(The task)
An exact reprint of the listing is required, with no pictures included.

(Dataset section)
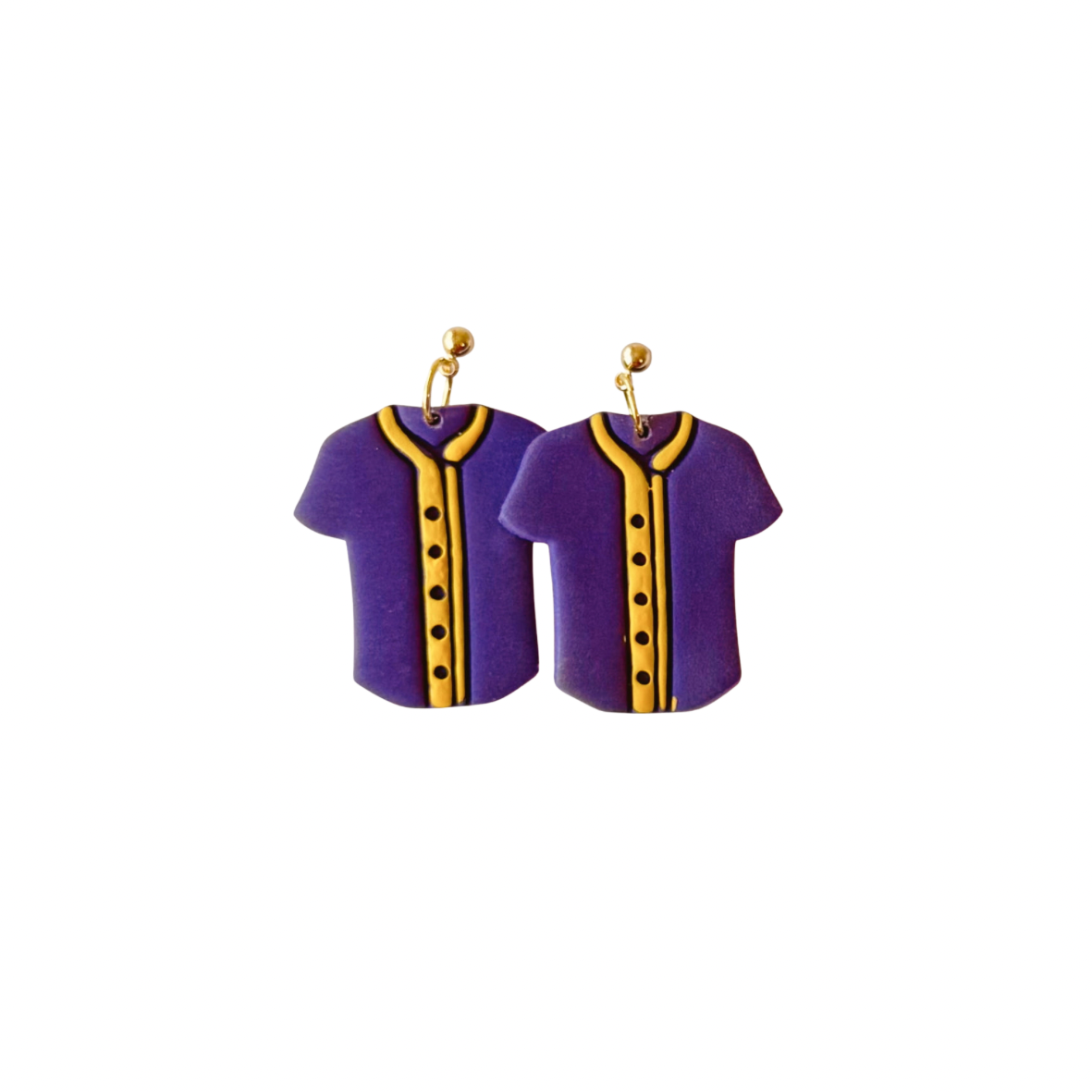 Baseball Jersey-LSU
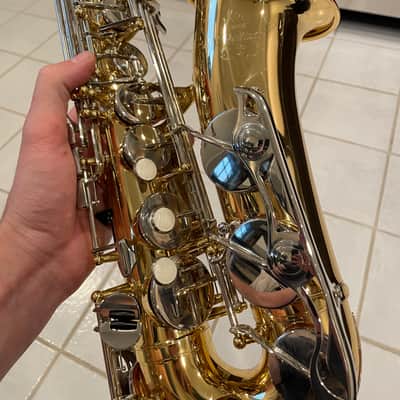 Serviced Yamaha YAS-200ADII Alto Saxophone (Ready to Play) - Near Mint Condition - Sounds Fantastic! image 3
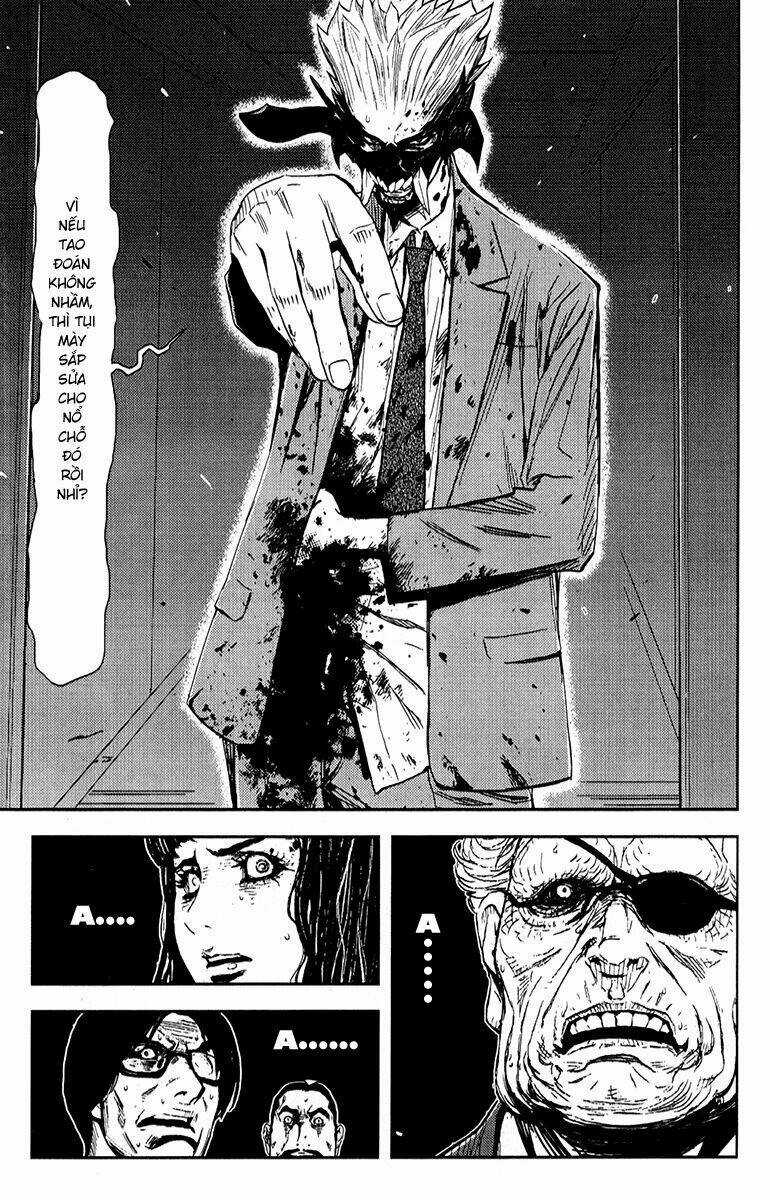 Akumetsu - Chapter 160 - Trang 10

(Task answer)
 Baseball Jersey-LSU
 Serviced Yamaha YAS-200ADII Alto Saxophone (Ready to Play) - Near Mint Condition - Sounds Fantastic! image 3
 Akumetsu - Chapter 160 - Trang 10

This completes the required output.